Ricky Gervais has been asked to host the Golden Globes again (about which he is VERY SHOCKED of course because he is trying soooooo hard to be an asshole but omg titter they keep inviting him back ANYWAY almost as if the entertainment industry actually REWARDS people for being assholes as long as they're assholes in a very particular way by which I mean the way that upholds the kyriarchy by being a jackass bully and calling it comedy or art or both), so LUCKILY we will get another season of media about how CONTROVERSIAL Ricky Gervais is leading up to his second totally boring hosting gig during which he'll say trite offensive shit and pretend it's daring and edgy.
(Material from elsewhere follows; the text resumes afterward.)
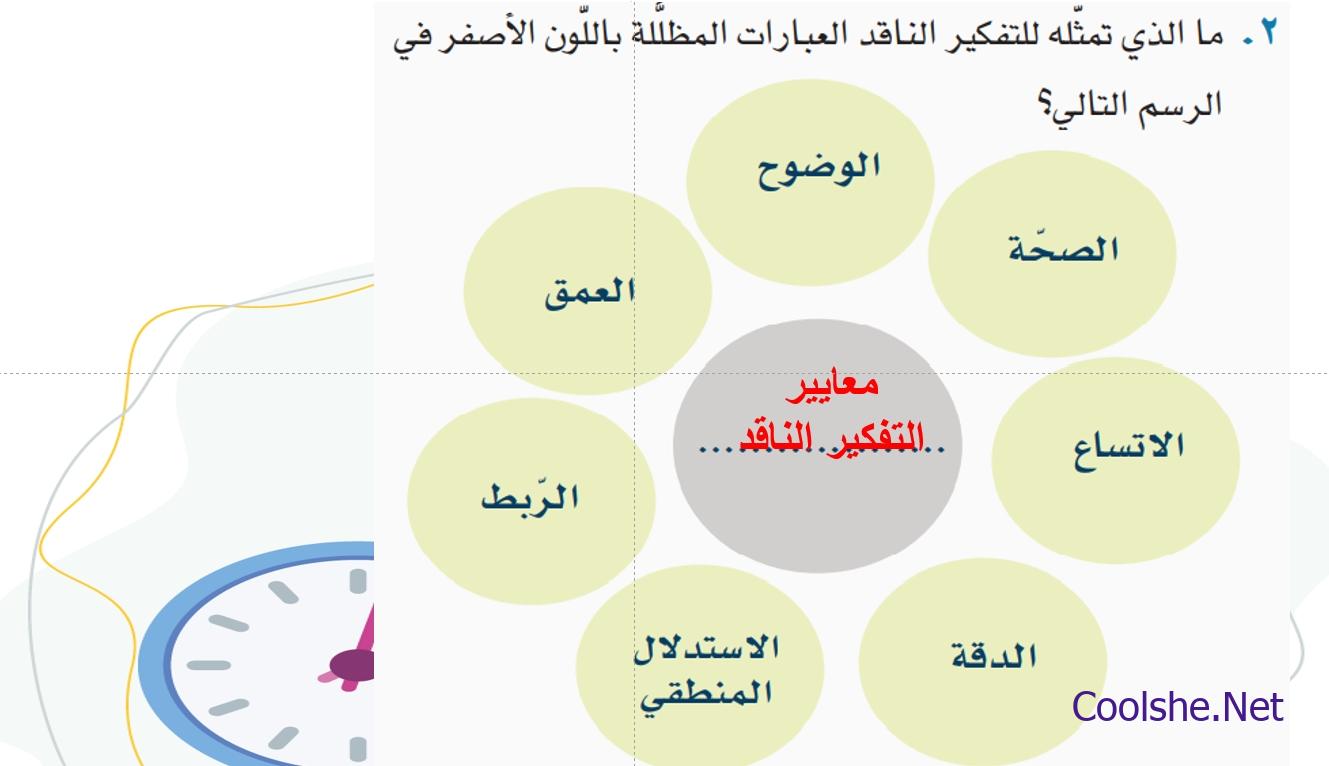 الدقة الاتساع الوضوح من الصحة الاستدلال المنطقي يكون الاستدلال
Rolling out the red carpet on the Gervaisathon is the New York Times with this charming profile that will totally remind you what a complete wanker Ricky Gervais is in case you'd forgotten (ha ha I know you have not forgotten! it is impossible to forget because he reminds us SO OFTEN!). The whole thing must be read so you can really appreciate the entire bouquet of the fine vintage of fuckery in which Gervais is marinating, but I'll just highlight my favorite part:
To many Americans, last year's Golden Globes appearance by Gervais defined how they know him: as a self-styled provocateur who's not afraid to shock and offend in the service of humor.
Barrrrrrrrrrrrf.

I mean, sure, he's a "provocateur" if provocateur is broadly defined enough to encompass a playground antagonist who pokes other children with a stick. If anything designed to provoke any response can make one a provocateur, then give Ricky Gervais his trophy for Provocateur of the Year or whatever.

But "provocateur" really should mean something loftier—not a person who engages in the tiresome bigotry of misogyny and ableism, of racism and xenophobia, homophobia and transphobia, who tells and defends rape jokes, just to elicit an entirely predictable (and legitimate) negative reaction from people getting poked with the stick, who are then immediately dismissed with charges of "humorlessness" or a lack of sophistication required to get the nuances of a joke to which the punchline is, at its essence, you are less than me.

A provocateur, if the word is have real meaning, is someone who challenges existent paradigms and marginalizing narratives, who presents a radical thought that makes people sit rather uncomfortably in their privilege and urges them to wander off the well-worn path of their socialization. It's someone who changes minds.

It isn't someone who calls people "mongs" and pretends that it's brave.

The irony of calling Ricky Gervais a "provocateur" is that he routinely insists that he is not trying to elicit reactions, but just say whatever the fuck he wants to:
Gervais spoke at greatest length about his comedy, occasionally adopting the whispery, professorial tone of someone who is certain he is saying very profound things. "I know I didn't do anything wrong," he said of the Golden Globes. "If I had done something wrong, it'd have been terrible. If I have to go, 'They're right,' that's a terrible feeling." He said the only reliable metric for success was his own satisfaction with his performance. "The only thing that matters is, did it turn out like I wanted it?"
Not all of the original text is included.